Marcel Janco

Marcel Iancu (May 24, 1895, Bucharest - April 21, 1984, Tel Aviv), Romanian artist with Jewish origins who achieved international fame, one of the founders of Dadaist movement, worked both as a painter and sculptor.


Marcel Janco, born in Romania in 1895, had joined a group of artists at the Cafe Voltaire in Zurich, Switzerland in 1916 and was among the principal founders of the Dada Movement. Dada was a unique artistic movement which had a major impact on 20th century art. It was established in Cabaret Voltaire, in Zurich, Switzerland, by a group of exiled poets, painters and philosophers who were oppossed to war, agression and the changing world culture. Among the founders were Marcel Janco, Hugo Ball, Emmy Hennings, Hans Arp, Richard Huelsenbeck, and Tristan Tzara.


Janco, Tzara and Ball

Dada soirées featured spontaneous poetry, avant-garde music, and mask wearing dancers in elaborate shows. The Dadaists teased and enraged the audience through their bold defiance of Western culture and art, which they considered obsolete in view of the destruction and carnage of World War I. The Dadaists objected to the aesthetics of Western contemporary painting, sculpture, language, literature and music. The group published articles and periodicals, and mounted exhibitions. The seeds sown in Zurich spread throughout the world, resulting in new Dada organizations in Paris, New York, Berlin, Hannover, and more. Janco designed masks and costumes for the famous Dada balls, and created abstract reliefs in cardboard and plaster. He had an ecletic style in which he brilliantly combined abstract and figurative elements, expressionistic in nature.


In 1922 Marcel Janco returned to his native Romania, where he made his mark as a painter, theoretician and architect.
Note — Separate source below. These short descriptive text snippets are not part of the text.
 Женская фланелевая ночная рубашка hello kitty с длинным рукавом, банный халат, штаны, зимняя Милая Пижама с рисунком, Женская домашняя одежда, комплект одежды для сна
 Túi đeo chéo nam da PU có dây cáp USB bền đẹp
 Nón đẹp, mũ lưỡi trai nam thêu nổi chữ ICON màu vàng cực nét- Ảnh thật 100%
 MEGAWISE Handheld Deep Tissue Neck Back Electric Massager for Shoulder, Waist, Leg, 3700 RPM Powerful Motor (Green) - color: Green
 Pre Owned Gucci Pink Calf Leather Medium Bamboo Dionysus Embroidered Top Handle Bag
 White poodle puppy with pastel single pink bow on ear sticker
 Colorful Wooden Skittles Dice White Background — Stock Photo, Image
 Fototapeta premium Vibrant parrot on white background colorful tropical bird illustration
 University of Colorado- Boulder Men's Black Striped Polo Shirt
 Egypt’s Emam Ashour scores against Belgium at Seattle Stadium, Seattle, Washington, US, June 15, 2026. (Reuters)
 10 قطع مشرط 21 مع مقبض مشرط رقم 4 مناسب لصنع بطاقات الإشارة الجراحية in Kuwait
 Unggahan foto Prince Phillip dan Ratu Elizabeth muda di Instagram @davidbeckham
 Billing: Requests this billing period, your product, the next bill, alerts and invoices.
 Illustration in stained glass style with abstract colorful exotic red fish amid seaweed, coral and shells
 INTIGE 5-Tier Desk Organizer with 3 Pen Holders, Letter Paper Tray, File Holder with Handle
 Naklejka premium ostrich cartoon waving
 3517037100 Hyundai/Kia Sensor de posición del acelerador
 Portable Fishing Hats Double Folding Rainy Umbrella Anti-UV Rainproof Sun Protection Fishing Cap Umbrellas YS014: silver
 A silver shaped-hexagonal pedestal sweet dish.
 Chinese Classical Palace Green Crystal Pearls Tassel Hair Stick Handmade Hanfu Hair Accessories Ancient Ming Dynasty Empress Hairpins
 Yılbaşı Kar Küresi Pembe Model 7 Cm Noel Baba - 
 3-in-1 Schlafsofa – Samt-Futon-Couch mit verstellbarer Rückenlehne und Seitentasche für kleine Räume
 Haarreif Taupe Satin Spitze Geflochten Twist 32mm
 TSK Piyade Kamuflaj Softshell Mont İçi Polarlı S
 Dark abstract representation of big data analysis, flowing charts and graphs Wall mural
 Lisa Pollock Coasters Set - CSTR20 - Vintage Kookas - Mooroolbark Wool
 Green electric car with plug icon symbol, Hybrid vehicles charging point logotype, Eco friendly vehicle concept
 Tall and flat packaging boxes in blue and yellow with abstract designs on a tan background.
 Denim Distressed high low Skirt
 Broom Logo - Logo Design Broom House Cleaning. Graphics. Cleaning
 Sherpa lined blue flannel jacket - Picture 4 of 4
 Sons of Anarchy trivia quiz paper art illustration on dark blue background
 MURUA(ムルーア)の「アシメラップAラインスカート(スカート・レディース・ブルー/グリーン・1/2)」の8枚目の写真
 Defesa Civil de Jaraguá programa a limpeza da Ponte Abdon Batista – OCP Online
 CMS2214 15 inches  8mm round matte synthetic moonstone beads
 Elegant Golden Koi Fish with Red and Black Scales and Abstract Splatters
In 1941 he moved to the land, which was to become the nation of Israel in 1948. It was here that Janco was one of the founders of the New Horizons Group, organized in 1948. In Israel, Janco painted idyllic watercolor and oil depictions of Safed and Tiberias and was captivated by the exotic sights of the Orient.


In 1953 on the ruins of an abandoned Arab village, Marcel Janco established the artists’ village known as Ein Hod, which now boasts the Janco Dada Museum. In 1967 he was awarded the Israel Prize for Painting. In the last years of his life he worked together with his friends to erect the Janco Dada Museum. Janco died ten months after the inauguration of the museum in 1984.